┏━━
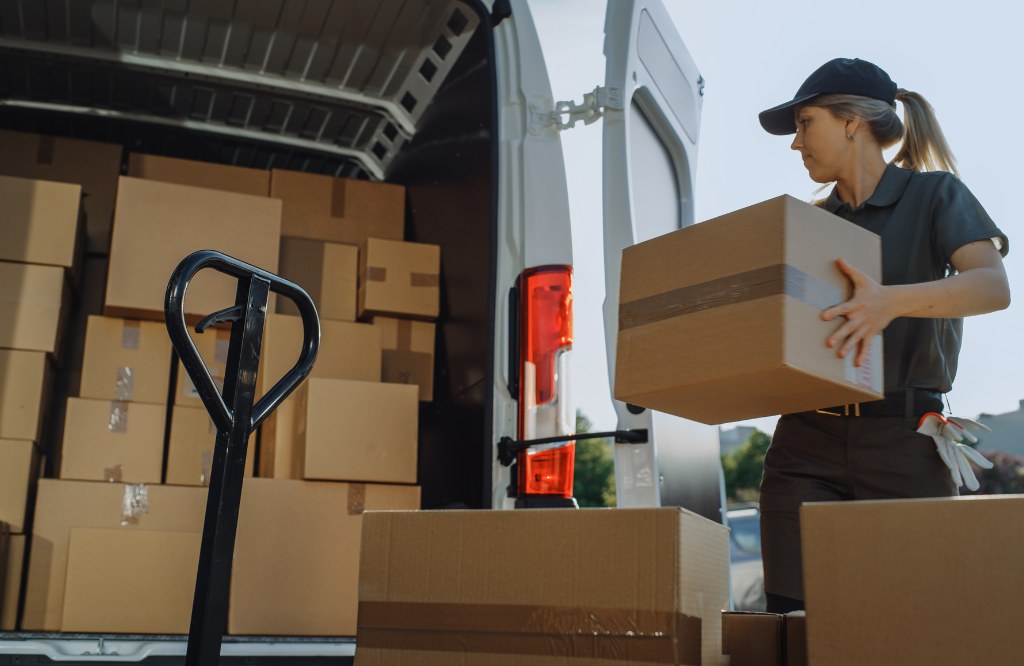Delivery worker loading parcels into a van beside a pallet jack, representing returns management and reverse logistics support from the Philippines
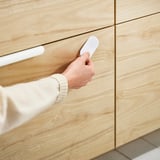 Hand pressing a white SOLSTOL nfc lock on wooden drawers.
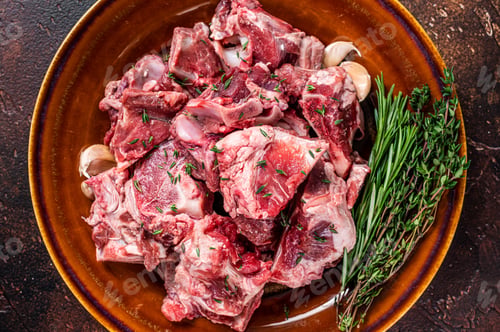 Preview: Raw mutton meat diced for goulash or stew with bone on a rustic plate. Dark background. Top view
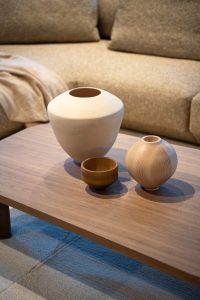 Decorative ceramic vases on a light wooden coffee table in front of a beige sofa.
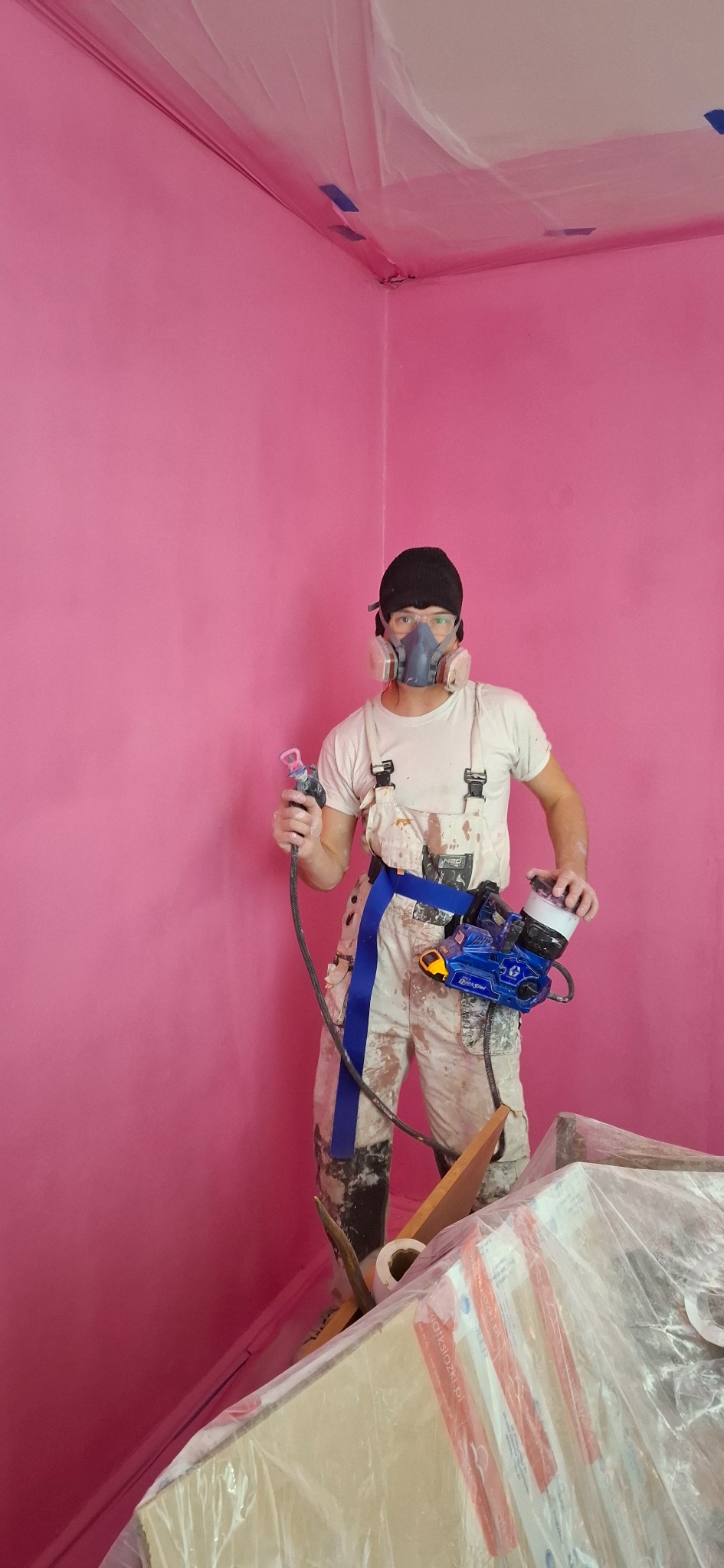 Pracownik w kombinezonie malarskim i masce ochronnej, trzymający pistolet natryskowy, na tle świeżo pomalowanej na różowo ściany w rogu pomieszczenia, zabezpieczonego folią malarską.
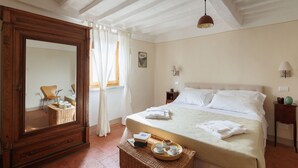 Quarto com um espelho grande, cama com roupa de cama branca, mesa de cabeceira com abajur e cesta de vime com objetos no chão.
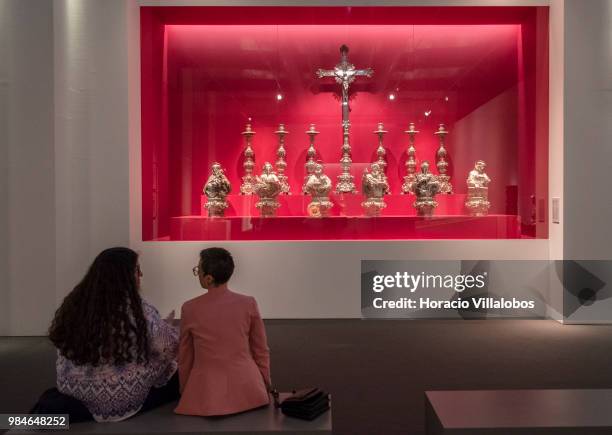 Visitors sit in front of eligious elements on display at "Na Rota Das Catedrais - Construcoes E Identidades" exhibition in D. Luis I gallery of...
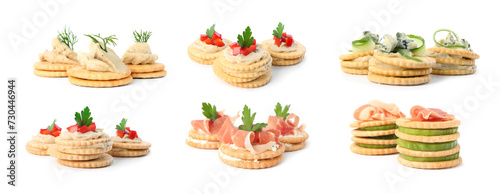 Delicious crackers with different toppings isolated on white, set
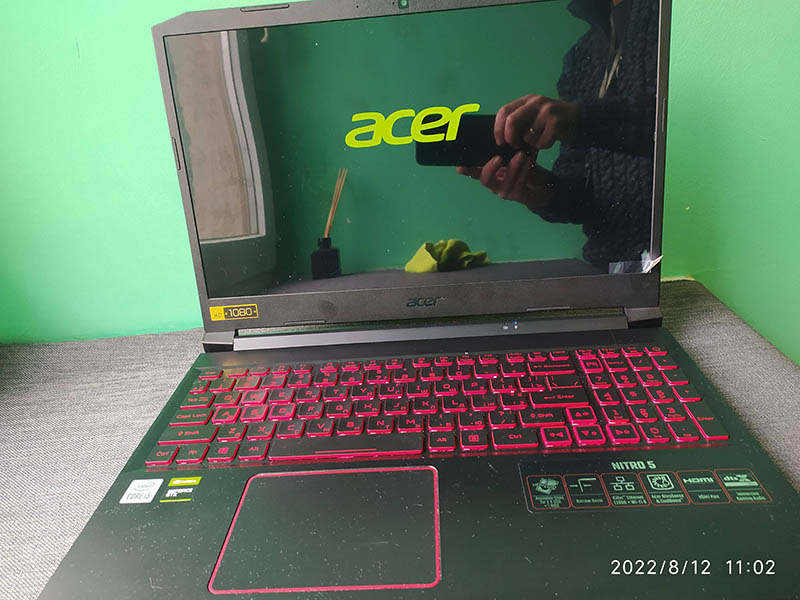 Acer Nitro 5 ноутбук з увімкненим екраном і відображенням на ньому логотипу Acer, червоною підсвіткою клавіатури та технічними стікерами на панелі біля трекпаду. На фоні видно зелений стіл та людину, яка тримає телефон для фотографування екрану.
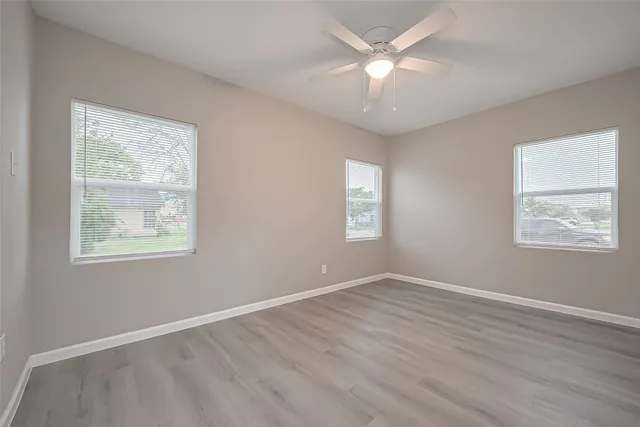 a view of an empty room with a window and wooden floor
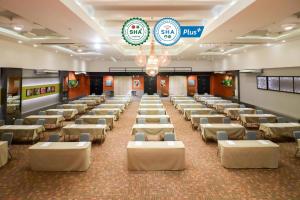 a large banquet hall with white tables and chairs at Hua Hin Grand Hotel and Plaza - SHA Extra Plus in Hua Hin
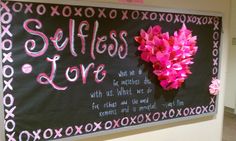 a blackboard with pink flowers on it that says selfless love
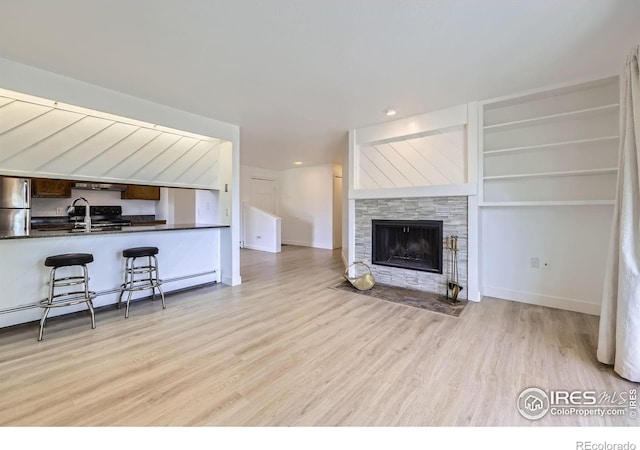 3363 Oneal Pkwy Unit 36, Boulder, CO 80301 - living room featuring light wood-style flooring, baseboard heating, a fireplace, recessed lighting, and baseboards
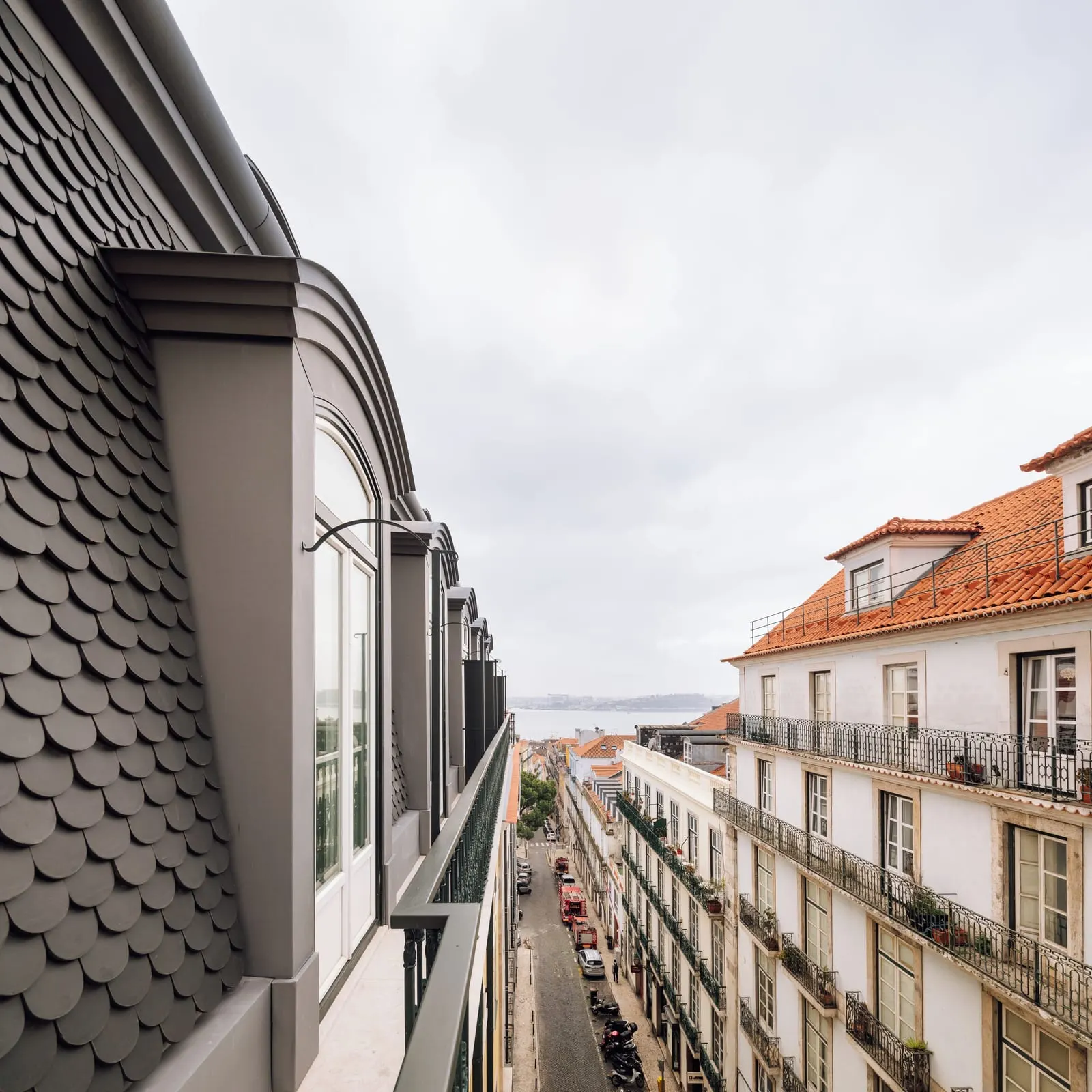 The view from a Prestige Chiado room at Bairro Alto Hotel: a narrow street of balconied houses running down to the river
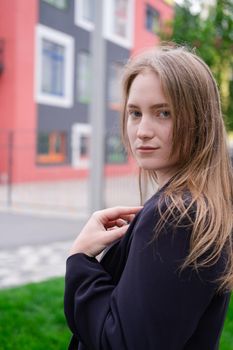 portrait of confident attractive brunette woman in black on background of colorful bright buildings. business woman. feminine. millennial people.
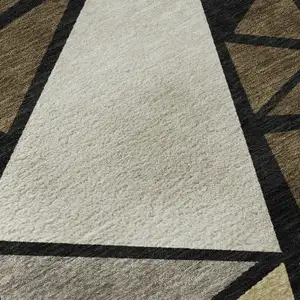 Photo of Brown Black And Ivory Geometric Washable Area Rug With UV Protection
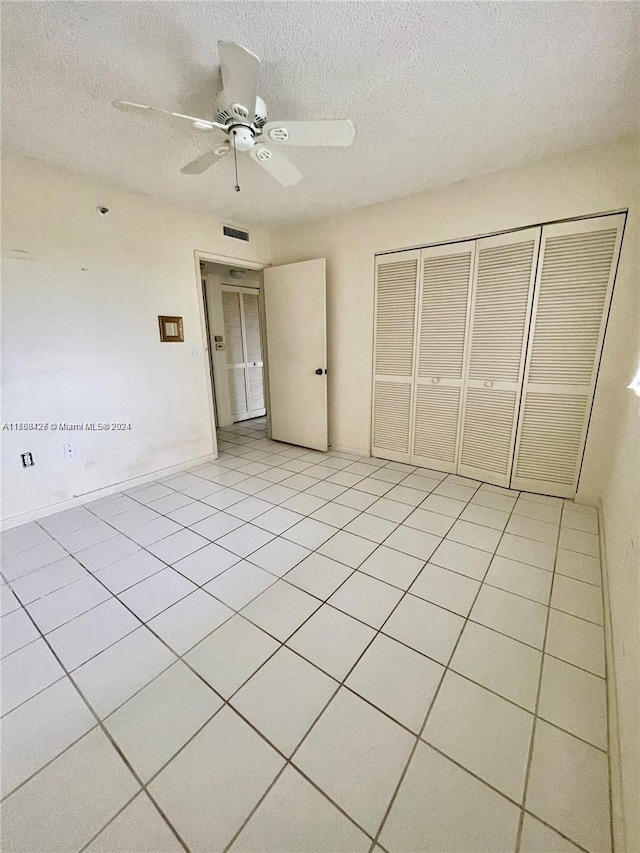 unfurnished bedroom with ceiling fan, a closet, light tile patterned floors, and a textured ceiling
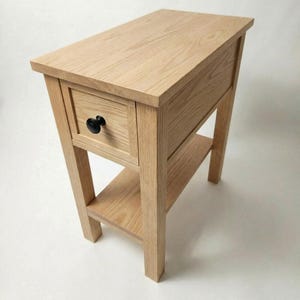 May include: A light-colored wooden side table featuring a rectangular top, a single drawer with a round black knob, and an open lower shelf. The table is constructed with four straight legs and displays a visible natural wood grain pattern throughout.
┗━━
§ **TASK BRIEF**
The whole listing should be retyped word for word; none of its pictures belong in the copy.

§ **ANSWER SECTION**
Delivery worker loading parcels into a van beside a pallet jack, representing returns management and reverse logistics support from the Philippines
 Hand pressing a white SOLSTOL nfc lock on wooden drawers.
 Preview: Raw mutton meat diced for goulash or stew with bone on a rustic plate. Dark background. Top view
 Decorative ceramic vases on a light wooden coffee table in front of a beige sofa.
 Pracownik w kombinezonie malarskim i masce ochronnej, trzymający pistolet natryskowy, na tle świeżo pomalowanej na różowo ściany w rogu pomieszczenia, zabezpieczonego folią malarską.
 Quarto com um espelho grande, cama com roupa de cama branca, mesa de cabeceira com abajur e cesta de vime com objetos no chão.
 Visitors sit in front of eligious elements on display at "Na Rota Das Catedrais - Construcoes E Identidades" exhibition in D. Luis I gallery of...
 Delicious crackers with different toppings isolated on white, set
 Acer Nitro 5 ноутбук з увімкненим екраном і відображенням на ньому логотипу Acer, червоною підсвіткою клавіатури та технічними стікерами на панелі біля трекпаду. На фоні видно зелений стіл та людину, яка тримає телефон для фотографування екрану.
 a view of an empty room with a window and wooden floor
 a large banquet hall with white tables and chairs at Hua Hin Grand Hotel and Plaza - SHA Extra Plus in Hua Hin
 a blackboard with pink flowers on it that says selfless love
 3363 Oneal Pkwy Unit 36, Boulder, CO 80301 - living room featuring light wood-style flooring, baseboard heating, a fireplace, recessed lighting, and baseboards
 The view from a Prestige Chiado room at Bairro Alto Hotel: a narrow street of balconied houses running down to the river
 portrait of confident attractive brunette woman in black on background of colorful bright buildings. business woman. feminine. millennial people.
 Photo of Brown Black And Ivory Geometric Washable Area Rug With UV Protection
 unfurnished bedroom with ceiling fan, a closet, light tile patterned floors, and a textured ceiling
 May include: A light-colored wooden side table featuring a rectangular top, a single drawer with a round black knob, and an open lower shelf. The table is constructed with four straight legs and displays a visible natural wood grain pattern throughout.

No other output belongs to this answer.